La recomendación de la Corte Interamericana de Derechos Humanos en el caso Petro Urrego contra Colombia, que tenía que ver con asegurar la independencia de los operadores disciplinarios en la investigación y juzgamiento dentro de los procesos disciplinarios, y la aplicación del artículo 23 de la Convención Americana sobre Derechos Humanos (CADH), para garantizar que los servidores públicos de elección popular no fueran destituidos ni inhabilitados por autoridades administrativas, sino por jueces penales; es decir, asegurar el debido proceso y los derechos políticos, terminó en una reforma que le atribuye funciones jurisdiccionales a la Procuraduría General de la Nación, la Ley 2094 de 2021, no solo para investigar y juzgar a los mencionados servidores públicos de elección popular, sino indistintamente a todos. Convirtieron, antidemocráticamente, a los funcionarios del ente de control (autoridades administrativas) en jueces.

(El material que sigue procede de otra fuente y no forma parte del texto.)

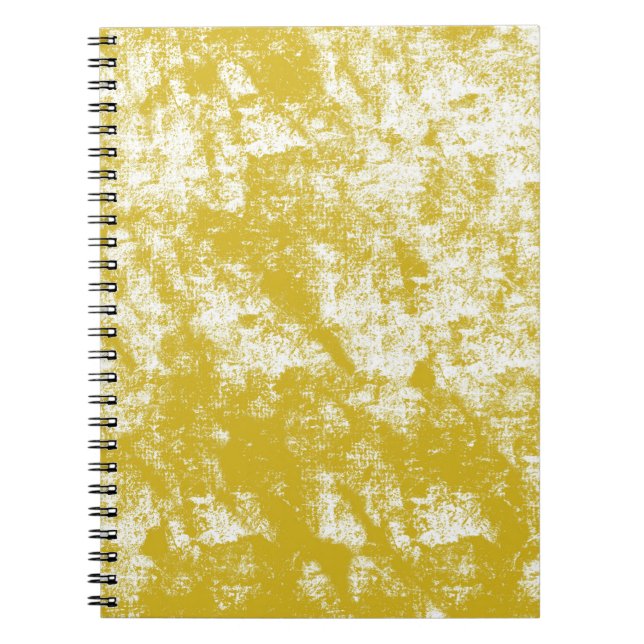 Caderno Espiral Bloco de Notas de Foto (80 Páginas B&W) (Frente)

La Corte IDH es categórica en señalar que, según el artículo 23.2 de la CADH, para imponer sanciones que impliquen una restricción al ejercicio de los derechos políticos a elegir y ser elegido (como la inhabilitación o destitución) es necesario un acto jurisdiccional (sentencia) emitido por juez competente en el correspondiente procesal penal.[3]Aquí les pareció muy fácil volver a los procuradores jueces y, de esta manera, justificar la creación de nuevos cargos, olvidando que los funcionarios de la Procuraduría jamás podrán emitir sentencias de carácter penal, de acuerdo con lo establecido en el artículo 116 de la C. P.[4]
Y después se preguntan por qué la gente protesta y lleva 211 años gritando por la inequidad, la iniquidad, y la falta de garantía de los derechos y libertades. ¡Seguiremos vociferando hasta que esto cambie!
Fuentes:
[1] Observaciones y recomendaciones de la visita de trabajo de la CIDH a Colombia realizada del 8 al 10 de junio de 2021, punto 2 del numeral I. Introducción.
[2] Numeral 185 de las Observaciones y recomendaciones.
[3]Ver numerales 90 y siguientes del fallo de la Corte Interamericana de Derechos Humanos, en el caso Petro Urrego Vs. Colombia, de fecha 8 de julio de 2020.
[4] La disposición constitucional establece que a las autoridades administrativas a quienes se les atribuyan funciones jurisdiccionales no les será permitido adelantar la instrucción de sumarios ni juzgar delitos.